Timelines cluster around January to May. Registrations are described as being finalised from January before the school year, with first-term payment expected by May, so planning ahead matters.
L’Ecole Bilingue Elementaire suits families who want a small, structured immersion model where bilingualism is the engine of academic learning, not an enrichment extra. It is best suited to children who enjoy clear routines, cope well with switching between teachers and languages, and have meaningful support for both languages beyond the classroom. The key decision is fit, because in a compact school the programme’s intensity will either click quickly or feel like hard work.
For families seeking true French-English immersion, it has a clear, established model and long-standing leadership, with the headteacher in post since the school’s founding in 2004. It was also monitored by ISI in December 2024, with that inspection reporting that the school met the relevant standards considered.
For 2025 to 2026, the school publishes termly fees of £4,488 per term plus VAT for Maternelle and £4,845 per term plus VAT for Elémentaire, with separate application and registration charges.
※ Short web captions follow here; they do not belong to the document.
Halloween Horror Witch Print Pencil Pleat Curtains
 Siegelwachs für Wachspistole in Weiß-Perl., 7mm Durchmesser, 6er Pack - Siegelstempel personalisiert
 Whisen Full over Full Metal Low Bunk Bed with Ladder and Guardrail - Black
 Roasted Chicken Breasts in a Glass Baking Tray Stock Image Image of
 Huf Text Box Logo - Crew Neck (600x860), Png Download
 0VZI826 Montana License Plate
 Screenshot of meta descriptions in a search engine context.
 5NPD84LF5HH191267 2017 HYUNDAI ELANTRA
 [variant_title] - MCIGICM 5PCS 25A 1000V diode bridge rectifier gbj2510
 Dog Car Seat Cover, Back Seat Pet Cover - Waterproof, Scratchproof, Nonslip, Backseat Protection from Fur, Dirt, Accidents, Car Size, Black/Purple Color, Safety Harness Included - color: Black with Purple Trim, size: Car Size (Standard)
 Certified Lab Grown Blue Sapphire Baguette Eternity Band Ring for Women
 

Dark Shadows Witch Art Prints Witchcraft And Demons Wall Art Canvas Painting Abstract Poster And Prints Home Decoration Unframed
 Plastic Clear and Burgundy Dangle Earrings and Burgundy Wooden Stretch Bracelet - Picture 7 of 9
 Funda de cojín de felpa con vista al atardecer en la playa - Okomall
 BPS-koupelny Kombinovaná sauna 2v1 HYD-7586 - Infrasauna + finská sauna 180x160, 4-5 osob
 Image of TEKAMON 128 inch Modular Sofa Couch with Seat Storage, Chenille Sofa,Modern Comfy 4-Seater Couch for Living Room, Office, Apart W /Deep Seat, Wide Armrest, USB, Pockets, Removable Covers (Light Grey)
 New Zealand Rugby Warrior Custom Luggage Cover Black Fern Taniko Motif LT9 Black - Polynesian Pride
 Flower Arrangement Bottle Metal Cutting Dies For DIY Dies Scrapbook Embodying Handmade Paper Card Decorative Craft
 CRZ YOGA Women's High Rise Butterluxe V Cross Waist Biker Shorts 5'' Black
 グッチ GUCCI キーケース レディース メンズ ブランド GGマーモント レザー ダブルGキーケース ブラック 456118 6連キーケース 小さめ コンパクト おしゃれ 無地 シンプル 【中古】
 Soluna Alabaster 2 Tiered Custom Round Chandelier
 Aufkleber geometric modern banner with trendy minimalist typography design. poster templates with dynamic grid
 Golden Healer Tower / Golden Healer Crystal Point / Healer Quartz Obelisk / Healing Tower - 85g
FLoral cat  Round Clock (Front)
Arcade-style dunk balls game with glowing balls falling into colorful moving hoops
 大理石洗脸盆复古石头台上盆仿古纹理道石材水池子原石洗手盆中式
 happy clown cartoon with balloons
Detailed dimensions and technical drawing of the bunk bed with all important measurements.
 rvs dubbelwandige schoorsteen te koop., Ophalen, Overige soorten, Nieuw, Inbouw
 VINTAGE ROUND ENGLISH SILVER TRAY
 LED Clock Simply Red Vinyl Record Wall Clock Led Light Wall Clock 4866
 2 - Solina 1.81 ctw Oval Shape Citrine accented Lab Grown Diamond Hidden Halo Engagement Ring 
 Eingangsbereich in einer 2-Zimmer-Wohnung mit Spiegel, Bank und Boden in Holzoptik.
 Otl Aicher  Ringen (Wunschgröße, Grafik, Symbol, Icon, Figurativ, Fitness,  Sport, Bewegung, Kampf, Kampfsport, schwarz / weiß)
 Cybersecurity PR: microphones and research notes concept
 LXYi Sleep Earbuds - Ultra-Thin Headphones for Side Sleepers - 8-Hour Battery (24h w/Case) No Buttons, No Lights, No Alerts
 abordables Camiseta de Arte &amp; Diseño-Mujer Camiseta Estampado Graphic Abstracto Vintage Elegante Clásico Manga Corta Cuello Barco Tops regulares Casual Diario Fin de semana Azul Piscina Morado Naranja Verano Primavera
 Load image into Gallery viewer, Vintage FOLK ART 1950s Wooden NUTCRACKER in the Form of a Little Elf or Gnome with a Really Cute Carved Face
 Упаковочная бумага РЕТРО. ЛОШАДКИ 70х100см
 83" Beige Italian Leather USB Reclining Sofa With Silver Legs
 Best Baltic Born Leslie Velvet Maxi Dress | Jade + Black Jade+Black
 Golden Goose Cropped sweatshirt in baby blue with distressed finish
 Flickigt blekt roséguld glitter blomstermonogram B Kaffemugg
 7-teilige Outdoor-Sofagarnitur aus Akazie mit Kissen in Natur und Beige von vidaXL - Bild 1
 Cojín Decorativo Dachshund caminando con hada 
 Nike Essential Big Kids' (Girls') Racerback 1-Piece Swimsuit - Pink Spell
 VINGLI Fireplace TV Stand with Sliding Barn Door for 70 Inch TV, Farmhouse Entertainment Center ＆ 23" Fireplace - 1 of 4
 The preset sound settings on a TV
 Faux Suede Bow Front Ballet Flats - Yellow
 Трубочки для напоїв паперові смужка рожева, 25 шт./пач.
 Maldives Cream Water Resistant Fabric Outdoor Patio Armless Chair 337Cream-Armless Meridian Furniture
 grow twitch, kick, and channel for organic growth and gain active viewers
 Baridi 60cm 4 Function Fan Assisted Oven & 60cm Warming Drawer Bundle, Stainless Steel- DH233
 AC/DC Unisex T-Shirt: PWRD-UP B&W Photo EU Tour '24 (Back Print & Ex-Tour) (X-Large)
Families should also budget for optional extras such as lunches if used.
Applications are made directly to the school, prioritising siblings, former pupils, and children of staff, with applications listed by date of receipt. The school describes registrations being finalised from January before the September start, with first-term payment due by May.
The published admissions information describes entry from the September after a child’s third birthday. If you are considering younger entry, it is worth checking directly what is currently offered for two-year-olds and how that interacts with the main nursery classes.
The school builds both into the week. Younger pupils have daily sport activity and weekly music or singing, while older pupils have sport sessions that can include swimming, gymnastics, athletics, and team games.